Hacia años que nadie lo utilizaba.
Los tres compañeros de aventura (más tres dromedarios y un gato) descendieron rápidamente del barco y se encontraron en una explanada cubierta de zarzas y surcada por fangosos arroyos.
—Creía que en Egipto había desierto —dijo Larry, ligeramente desorientado.
—El desierto empieza al otro lado de las cadenas montañosas —explicó Agatha—. En torno al Nilo, las tierras son fértiles, sobre todo durante el período de las crecidas estivales.
—¿Y cómo lo sabes tú? —Pero enseguida se dio un golpe en la frente—. Ah, claro, como eres la reencarnación de Osiris… —dijo en plan de burla.
—No te hagas el gracioso —respondió ella riendo—. Simplemente, he memorizado el mapa del territorio.
—¡Tú y tus famosos cajones de la memoria! —resopló su primo—. Entonces, ¿sabes dónde está el camino?
Agatha exploró la ciénaga con la mirada y después abrió los brazos en señal de rendición.
—Parece todo llano y fangoso —murmuró desilusionada.
Mister Kent, que la doblaba en altura y tenía vista de águila, señaló una suave colina que no estaba muy lejos.
—Me parece que hay un camino en aquella colina —dijo acalorado.
—Excelente, mister Kent —lo felicitó Agatha—. Sin duda, es nuestro objetivo.
—¿Estás segura, prima? —preguntó Larry.
Ella no respondió: ya había montado en el dromedario con la habilidad de una amazona experimentada.

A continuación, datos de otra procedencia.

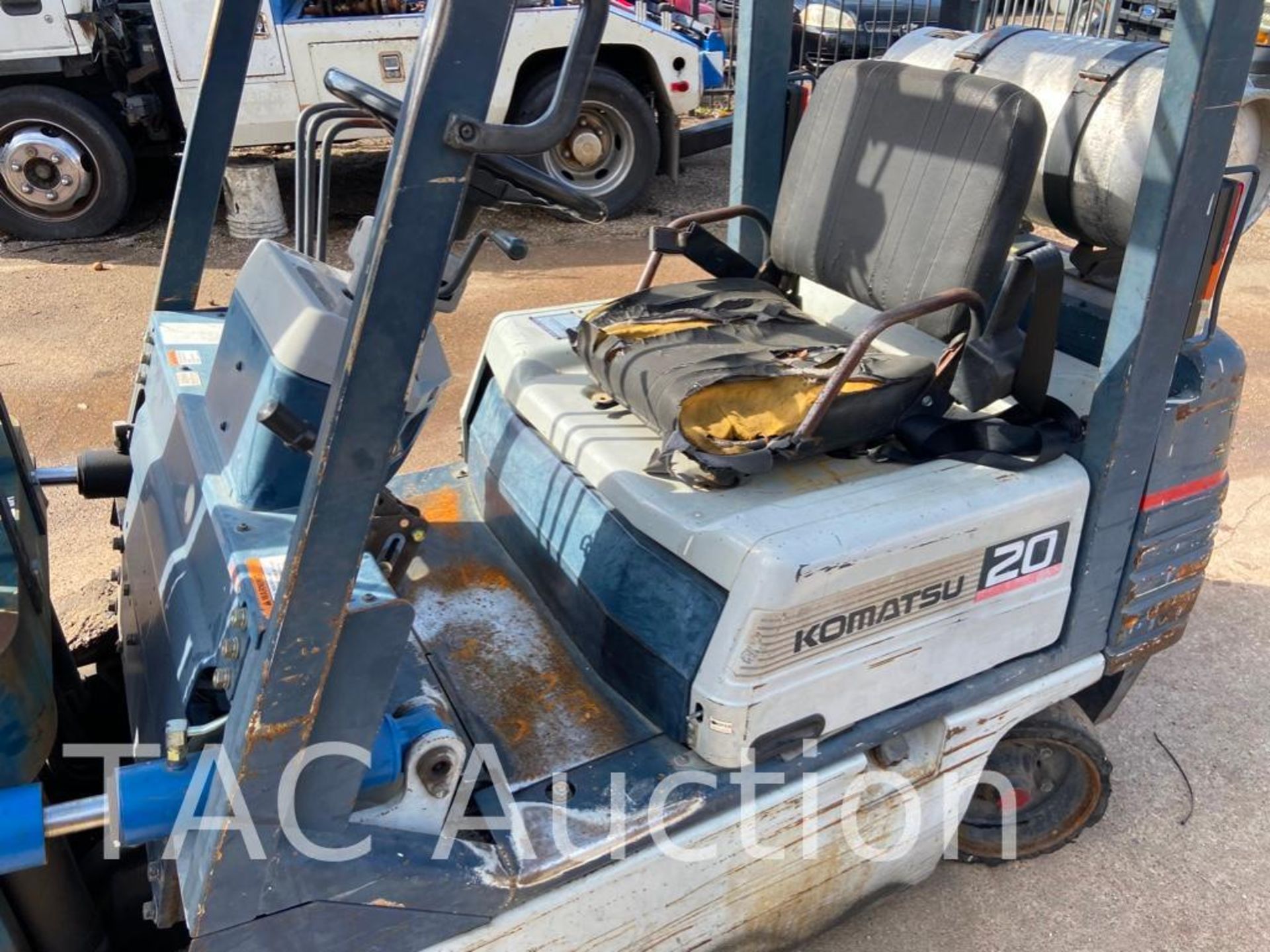 2000 Komatsu FG 20ST 11 Forklift - Image 18 of 43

Lo hizo correr a la máxima velocidad, tanto que a Larry y a mister Kent les costó seguirla.
Avanzaron por un paraje desolado durante casi media hora y después tomaron el camino que discurría por las accidentadas colinas que cerraban por detrás el Valle de los Reyes.
Agatha tuvo que detenerse repetidas veces para esperar a sus amigos: aprovechó cada ocasión para examinar el paisaje con unos pequeños prismáticos.
El camino subía y bajaba constantemente, con encrucijadas, curvas y pasos peligrosos.
—La mala noticia es que nos podemos perder —dijo la chica, dándose unos golpecitos en la nariz con el dedo.
—¿Y la buena? —resolló Larry detrás de ella.
Agatha se metió los prismáticos en el bolsillo de la blusa de color caqui.
—Al parecer, ningún guardia nos molestará —afirmó mientras reemprendía la marcha.
Pero se equivocaba.
Y mucho.
Al oscurecer, mientras se encontraban en una estrecha garganta consultando el mapa para orientarse, oyeron unos ruidos que hacían eco. Levantaron la vista y vieron unos cañones de fusil que sobresalían entre las rocas.
—¡No os mováis! —gritó alguien.
Al oír aquella orden perentoria, Larry dio un bote en su silla.
—Éstos lo dicen en serio —murmuró aterrorizado—. ¡Ahora sí que nos hemos metido en un buen lío, Agatha!